== Activity ==
Copy the records below word for word, from the first line through the line that contains "Calcetines de interior", and leave out any pictures.

[Stored entries]
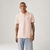 Camisa Polo Masculina Levis Housemark Rosa Manga Curta - HEAVEN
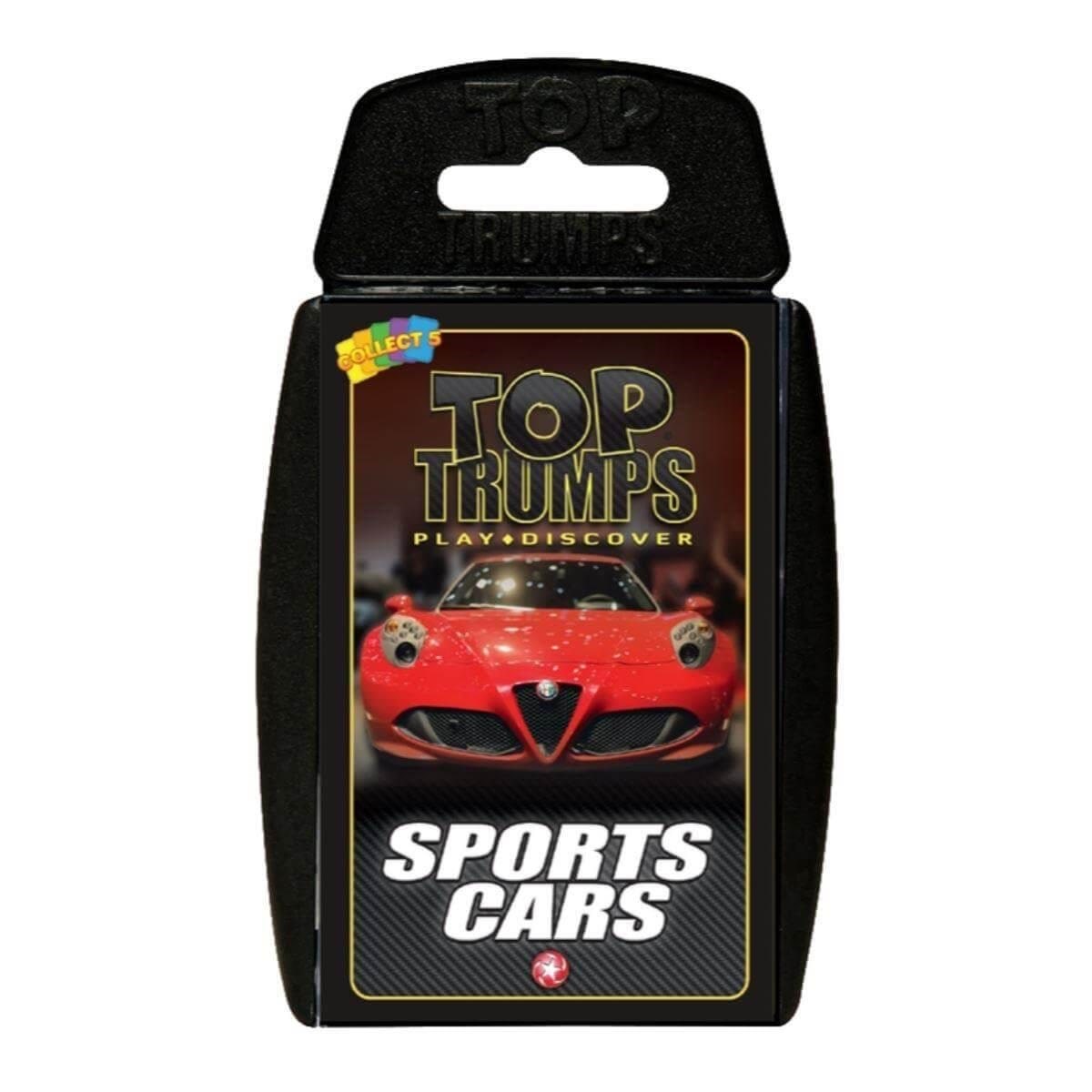 Winning Moves Sports Cars Top Trumps Card Game (ENGLISH) Brætspil 5036905044325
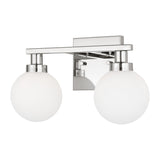 Two Light Bath Vanity — 7.88"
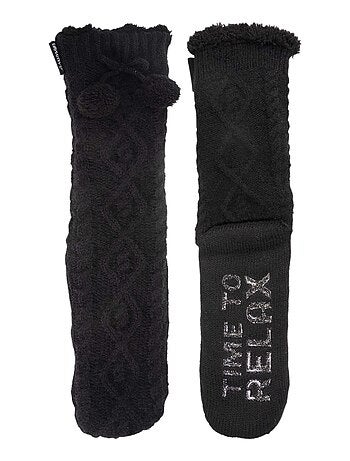 Calcetines de interior forrado, antideslizante mujer Isotoner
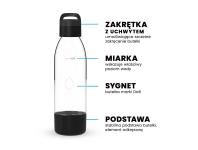 Zdjęcie: Butelka 0,7 L do saturatora z uchwytem barwionym czarna DAFI
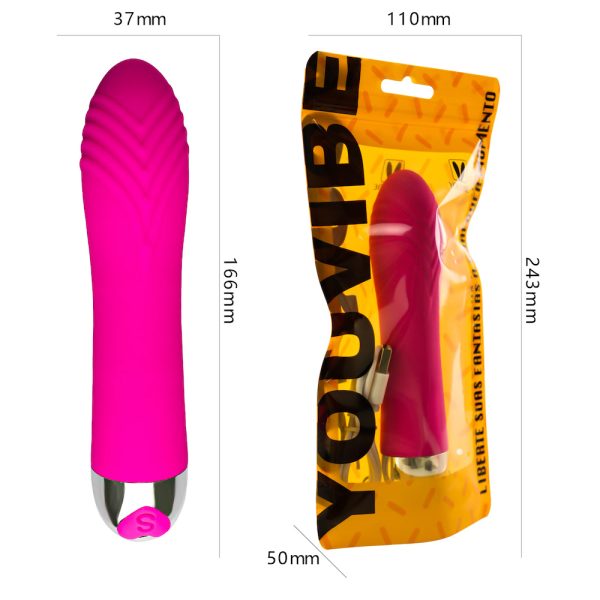Vibrador Personal Aveludado Recarregável com 10 Velocidades - Image 5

== Worked solution ==
 Camisa Polo Masculina Levis Housemark Rosa Manga Curta - HEAVEN
 Winning Moves Sports Cars Top Trumps Card Game (ENGLISH) Brætspil 5036905044325
 Two Light Bath Vanity — 7.88"
 Calcetines de interior forrado, antideslizante mujer Isotoner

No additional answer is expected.